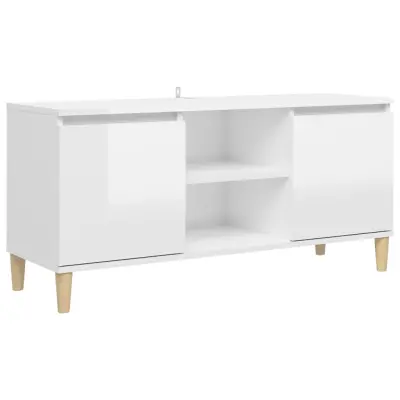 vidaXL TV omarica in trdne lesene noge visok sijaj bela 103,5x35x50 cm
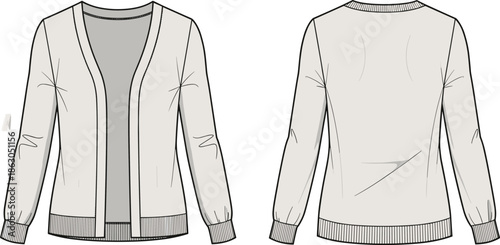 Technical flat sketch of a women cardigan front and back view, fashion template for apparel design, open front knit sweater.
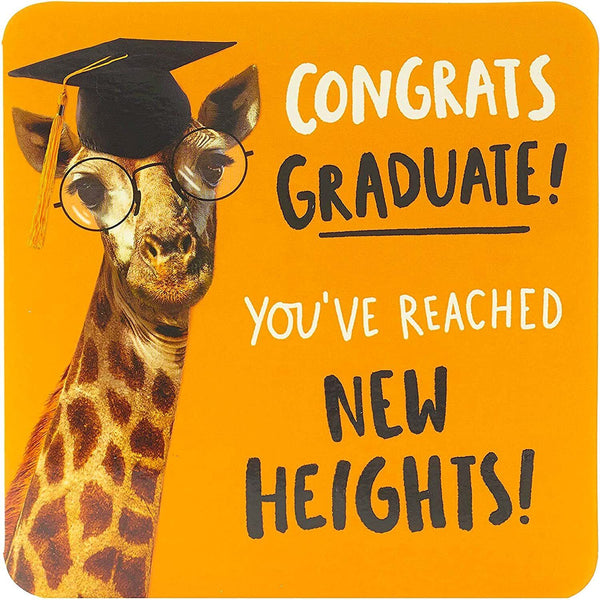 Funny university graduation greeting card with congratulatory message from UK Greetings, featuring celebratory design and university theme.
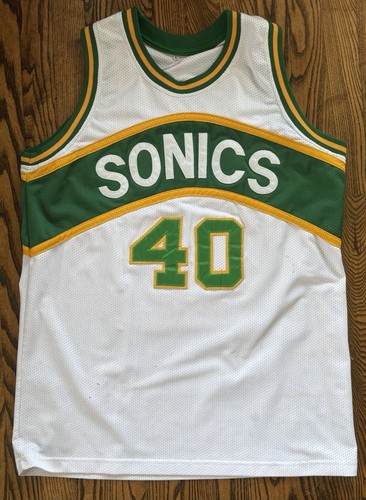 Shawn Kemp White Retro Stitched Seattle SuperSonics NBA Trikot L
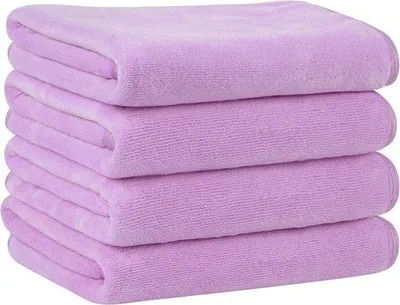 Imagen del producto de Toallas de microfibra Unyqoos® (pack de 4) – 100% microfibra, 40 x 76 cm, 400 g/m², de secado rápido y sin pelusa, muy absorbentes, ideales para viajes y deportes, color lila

---

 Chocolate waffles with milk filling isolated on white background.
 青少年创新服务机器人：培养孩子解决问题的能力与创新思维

Problem to work on
Look above for the line with "Funny university graduation", then print it and each line after it down to and including the line with "Shawn Kemp White". Leave out the pictures and keep the wording exact.

Solution
 Funny university graduation greeting card with congratulatory message from UK Greetings, featuring celebratory design and university theme.
 Shawn Kemp White Retro Stitched Seattle SuperSonics NBA Trikot L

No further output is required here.